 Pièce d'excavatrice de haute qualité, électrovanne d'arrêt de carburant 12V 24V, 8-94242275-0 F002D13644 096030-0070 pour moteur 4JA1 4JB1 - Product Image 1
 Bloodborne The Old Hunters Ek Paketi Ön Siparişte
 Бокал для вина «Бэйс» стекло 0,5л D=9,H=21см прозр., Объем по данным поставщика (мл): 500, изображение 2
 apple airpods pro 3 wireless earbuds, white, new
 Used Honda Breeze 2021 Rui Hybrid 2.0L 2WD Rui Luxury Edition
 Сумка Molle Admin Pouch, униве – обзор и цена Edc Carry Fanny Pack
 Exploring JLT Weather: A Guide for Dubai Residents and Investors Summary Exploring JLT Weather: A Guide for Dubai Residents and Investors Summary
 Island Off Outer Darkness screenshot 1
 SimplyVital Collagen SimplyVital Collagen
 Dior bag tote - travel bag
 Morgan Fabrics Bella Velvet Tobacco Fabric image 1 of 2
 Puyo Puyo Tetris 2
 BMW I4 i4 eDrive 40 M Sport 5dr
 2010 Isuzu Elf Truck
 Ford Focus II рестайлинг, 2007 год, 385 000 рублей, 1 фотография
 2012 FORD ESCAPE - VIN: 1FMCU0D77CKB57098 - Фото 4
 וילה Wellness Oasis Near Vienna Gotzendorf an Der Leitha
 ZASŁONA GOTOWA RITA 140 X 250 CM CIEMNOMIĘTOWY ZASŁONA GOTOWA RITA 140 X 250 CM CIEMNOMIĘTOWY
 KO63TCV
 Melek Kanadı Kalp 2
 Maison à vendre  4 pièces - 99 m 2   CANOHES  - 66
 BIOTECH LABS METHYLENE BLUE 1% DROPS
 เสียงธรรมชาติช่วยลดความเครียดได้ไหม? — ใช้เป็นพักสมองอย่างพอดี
====
* Problem statement
Reproduce the material above exactly; please quote every line of it.

* Expected answer
 Pièce d'excavatrice de haute qualité, électrovanne d'arrêt de carburant 12V 24V, 8-94242275-0 F002D13644 096030-0070 pour moteur 4JA1 4JB1 - Product Image 1
 Bloodborne The Old Hunters Ek Paketi Ön Siparişte
 Бокал для вина «Бэйс» стекло 0,5л D=9,H=21см прозр., Объем по данным поставщика (мл): 500, изображение 2
 apple airpods pro 3 wireless earbuds, white, new
 Used Honda Breeze 2021 Rui Hybrid 2.0L 2WD Rui Luxury Edition
 Сумка Molle Admin Pouch, униве – обзор и цена Edc Carry Fanny Pack
 Exploring JLT Weather: A Guide for Dubai Residents and Investors Summary Exploring JLT Weather: A Guide for Dubai Residents and Investors Summary
 Island Off Outer Darkness screenshot 1
 SimplyVital Collagen SimplyVital Collagen
 Dior bag tote - travel bag
 Morgan Fabrics Bella Velvet Tobacco Fabric image 1 of 2
 Puyo Puyo Tetris 2
 BMW I4 i4 eDrive 40 M Sport 5dr
 2010 Isuzu Elf Truck
 Ford Focus II рестайлинг, 2007 год, 385 000 рублей, 1 фотография
 2012 FORD ESCAPE - VIN: 1FMCU0D77CKB57098 - Фото 4
 וילה Wellness Oasis Near Vienna Gotzendorf an Der Leitha
 ZASŁONA GOTOWA RITA 140 X 250 CM CIEMNOMIĘTOWY ZASŁONA GOTOWA RITA 140 X 250 CM CIEMNOMIĘTOWY
 KO63TCV
 Melek Kanadı Kalp 2
 Maison à vendre  4 pièces - 99 m 2   CANOHES  - 66
 BIOTECH LABS METHYLENE BLUE 1% DROPS
 เสียงธรรมชาติช่วยลดความเครียดได้ไหม? — ใช้เป็นพักสมองอย่างพอดี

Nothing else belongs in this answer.